Just for you hunters, fishermen and trappers out there. This is the place to post your questions, your conquests and your trophies. Let's get a good bit of tall tales thrown in for good measure.


----------



## Guest (Sep 1, 2006)

Very cool!!


----------



## AngieM2 (May 10, 2002)

Great goings Chuck - I know you've just made several people happy.

Angie


----------



## countrymech (Nov 28, 2005)

Good show! Now I just need to find my wife that part-time husband so I can get out for elk season, LOL. This might even be a good spot to share our camping adventures??


----------



## mulliganbush (Apr 3, 2005)

Yaaaahhhhh!


----------



## Bwana (Jul 9, 2006)

Tall tales, comin' up!  

Dave


----------



## cowgirlone (May 9, 2002)

Thanks for the new forum Chuck!


----------



## MELOC (Sep 26, 2005)

thanks chuck and all of you. i am sure this will be a busy place.


----------



## posifour11 (Feb 27, 2003)

thanks, Chuck!!


----------



## MaineFarmMom (Dec 29, 2002)

Thank you!


----------



## bob clark (Nov 3, 2005)

thanks Chuck , you are the man


----------



## Jaclynne (May 14, 2002)

Thanks Chuck!


----------



## Paul72 (Mar 13, 2005)

Thanks- Chuck!!!!!!!!!!!


----------



## Muskrat (Sep 4, 2005)

Great going!

Now, we just have to make sure the forum doesn't languish as some others have.


----------



## Lairvine (Feb 27, 2005)

Thank you very much. and everyone post pics of them big bucks when you get 'em :dance:


----------



## Kevin and Laura (Jun 23, 2002)

I mostly come to read (listen) to other folks conversations but I will likely take part in a hunting discussion or two. It's an excellent addition to the website.





Kevin


----------



## Guest (Sep 2, 2006)

Yes, thank you Chuck for adding this new forum.

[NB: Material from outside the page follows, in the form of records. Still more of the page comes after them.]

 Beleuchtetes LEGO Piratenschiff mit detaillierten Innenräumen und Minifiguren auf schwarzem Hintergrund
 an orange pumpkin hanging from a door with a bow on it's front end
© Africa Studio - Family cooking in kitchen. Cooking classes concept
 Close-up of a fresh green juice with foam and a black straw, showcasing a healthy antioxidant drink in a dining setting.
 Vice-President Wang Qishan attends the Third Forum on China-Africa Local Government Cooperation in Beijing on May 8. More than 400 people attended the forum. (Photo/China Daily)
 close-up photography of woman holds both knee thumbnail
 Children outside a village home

And a big THANK YOU to ANGIE for helping to get this forum started. She new where to pull the strings and what buttons to push. And we will keep visiting her SELF RELIANCE forum so we can be better prepared. 

Thank you, thank you, thank you, Chuck and Angie.

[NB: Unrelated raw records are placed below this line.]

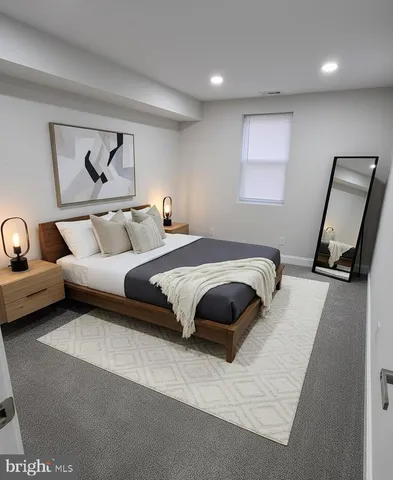 a bedroom with a bed and a couch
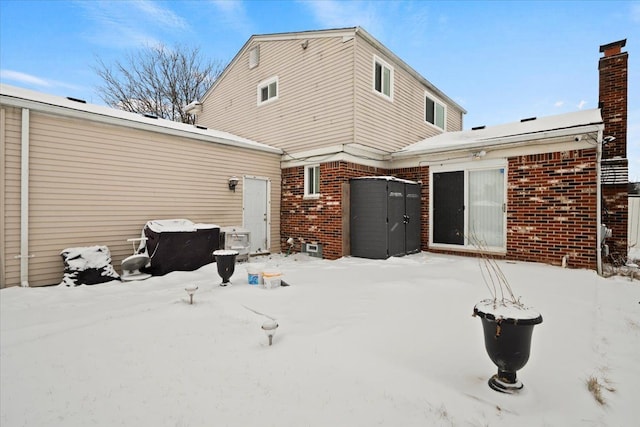 view of snow covered house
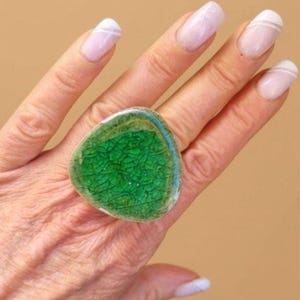 Peut inclure: Une bague dotée d'une grande pièce centrale de forme triangulaire irrégulière avec une finition émaillée vert vif craquelé. La surface de l'élément présente un réseau distinct de fines lignes sombres sur la couleur verte éclatante.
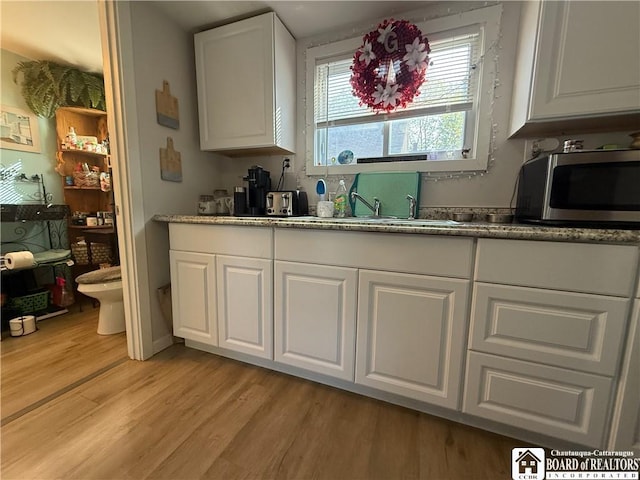 421 E Connell St, Olean-City, NY 14760 - kitchen featuring stainless steel microwave, light wood-style flooring, and white cabinets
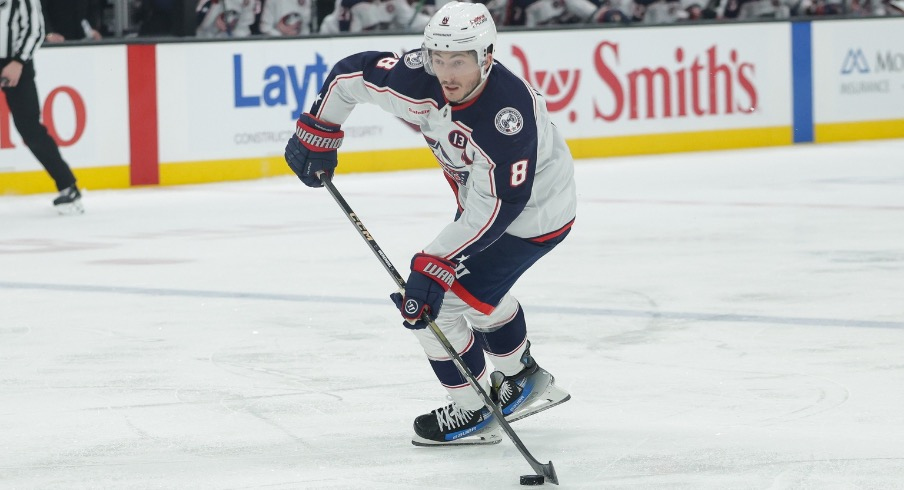 Columbus Blue Jackets defenseman Zach Werenski (8) controls the puck during the third period against the Utah Hockey Club at Delta Center.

Rh. in Oklahoma (the great deerslayer wannabe)


----------



## jnap31 (Sep 16, 2005)

YiPPEEE I cant wait to post my true stories here, thanks for the new forum Chuck


----------



## Bearfootfarm (Jul 13, 2006)

Thanks for the new forum. I predict it will be a much used one!


----------



## bgak47 (Sep 4, 2003)

Thanks Chuck & Angie! Its opening season on doves here & I intend to shoot some.Any recipes?


----------



## Trapper (Jun 2, 2006)

I now have a new home. Look forward to hearing, seeing and sharing all the tall tales (real or not) of the outdoors. Trapper :hobbyhors


----------



## huntress4203 (Feb 21, 2006)

Thanks so much Chuck. I used to come to homesteading today ALOT more than I have lately and now I have a reason to be here again.

Glo


----------



## whiterock (Mar 26, 2003)

Thanks, I LIKE it.
Ed


----------